== Task prompt ==
Give back exactly the line containing "Used Salomon TEAM" and all that follow it in the data below, with the pictures left out.

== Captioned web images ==
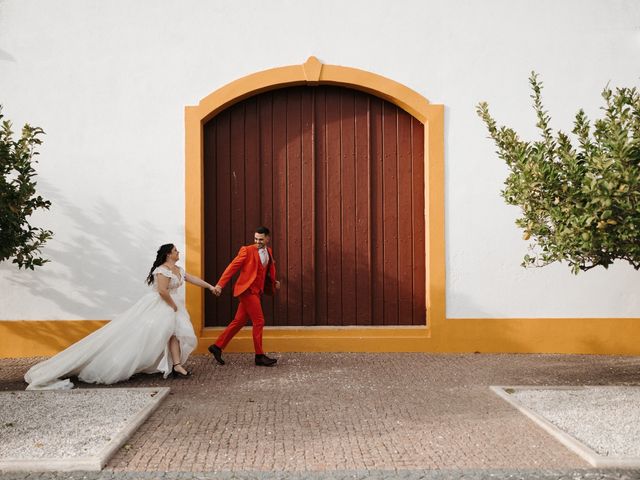 O casamento de Francisco Oliveira e Cristiana de Lima Oliveira  em Setúbal, Setúbal (Concelho) 1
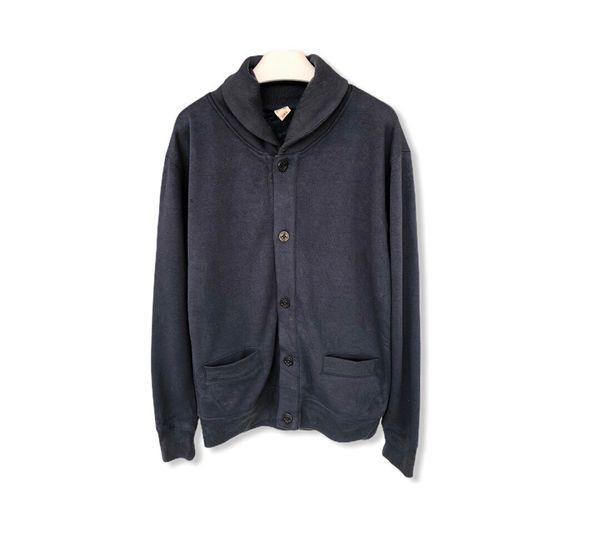 image of Edwin Double Pocket Button Up, Men's (Size Medium)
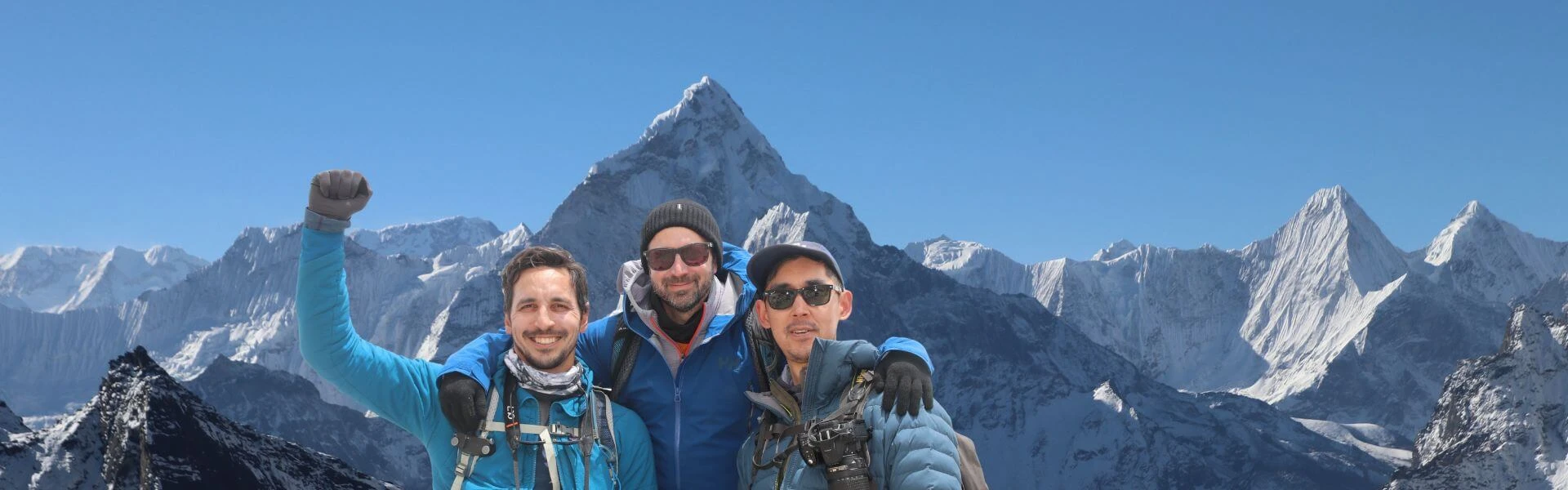 Lobuche Peak Climbing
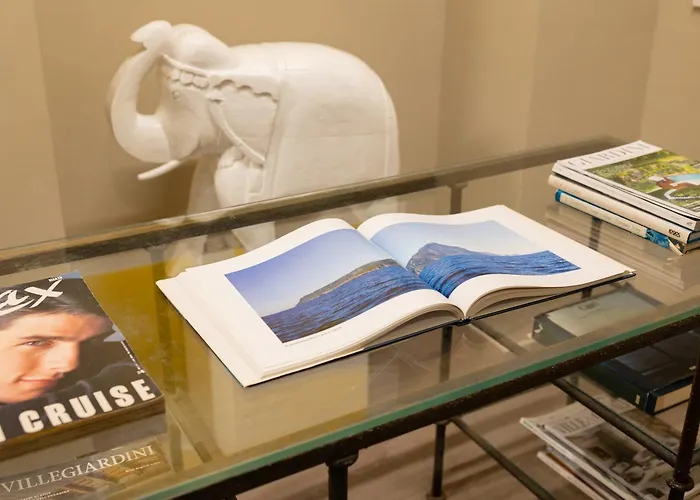 Five By Capri 5 Senses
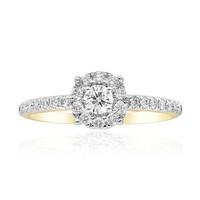SI1 (G) Brillant-Goldring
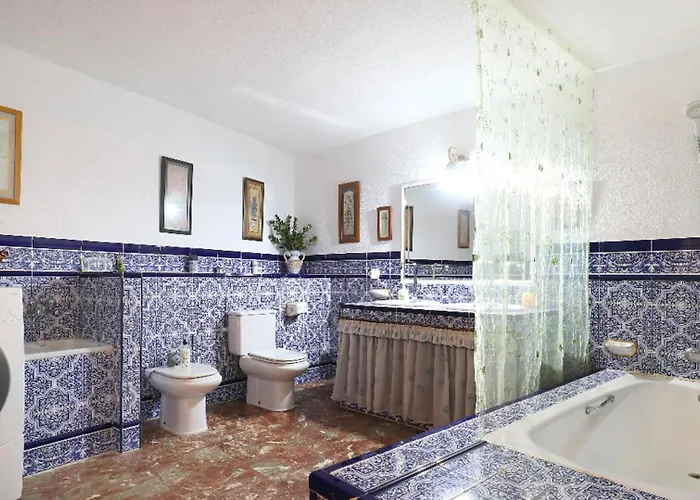 Casa Rural El Lago Cerro Muriano - Reserva De Guadanuno Córdoba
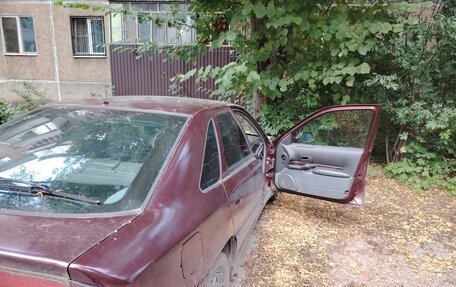 Renault Safrane II, 1993 год, 110 000 рублей, 7 фотография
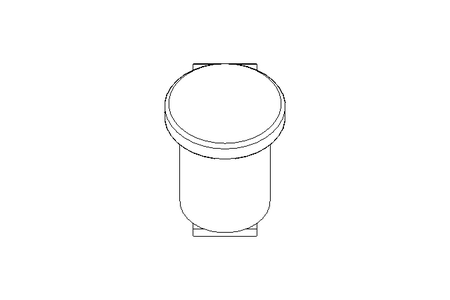 Strainer DN125 Schraegsitz 1.4301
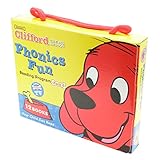 Clifford's Phonics Fun Box Set #6 (Clifford's Phonics Fun Packs)
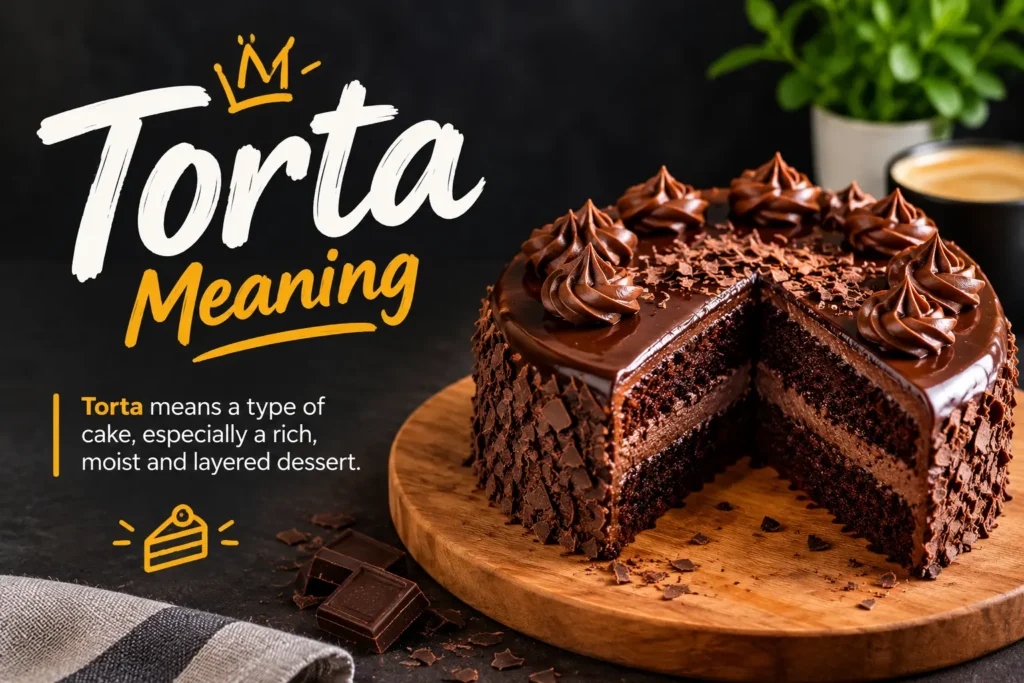 torta meaning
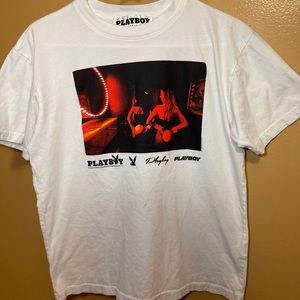 Mens PLAYBOY Tee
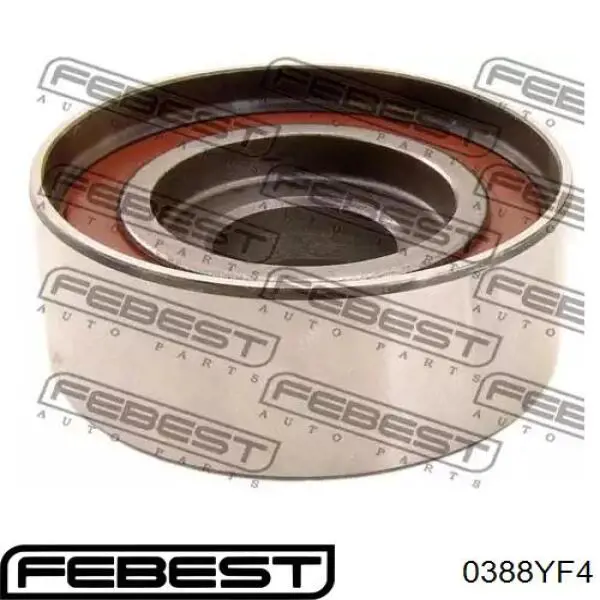 Купити PU315521RR1D Koyo Ролик паразитний ГРМ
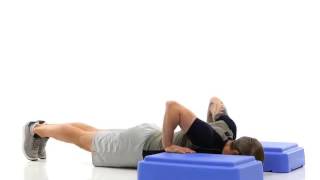 Deep Push Up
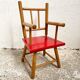 Torck Vintage Doll Toy Chair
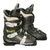 Used Salomon TEAM Boys DH Ski Boot Black 225 MP - J04.5 - W5.5 11749-S000192377 View 2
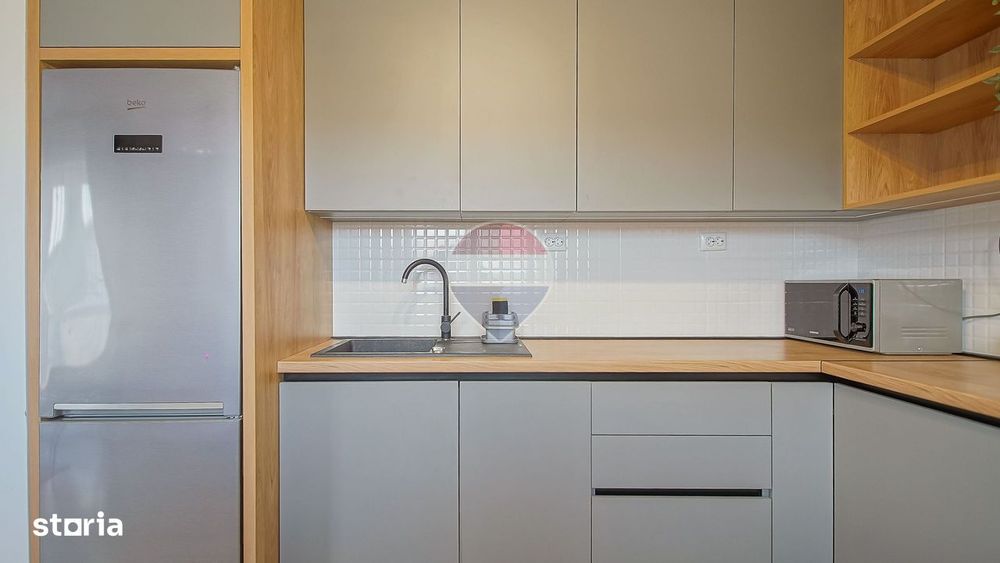 Apartament 2 camere de vânzare | Mobilat, utilat | Zona Tractorul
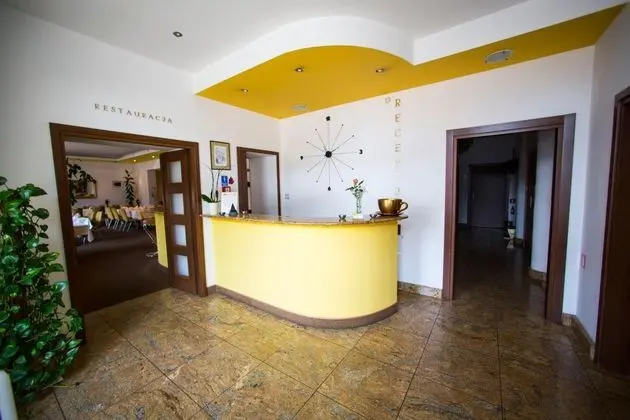 Hotel Roko - Lobi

== Solution for this problem ==
 Used Salomon TEAM Boys DH Ski Boot Black 225 MP - J04.5 - W5.5 11749-S000192377 View 2
 Apartament 2 camere de vânzare | Mobilat, utilat | Zona Tractorul
 Hotel Roko - Lobi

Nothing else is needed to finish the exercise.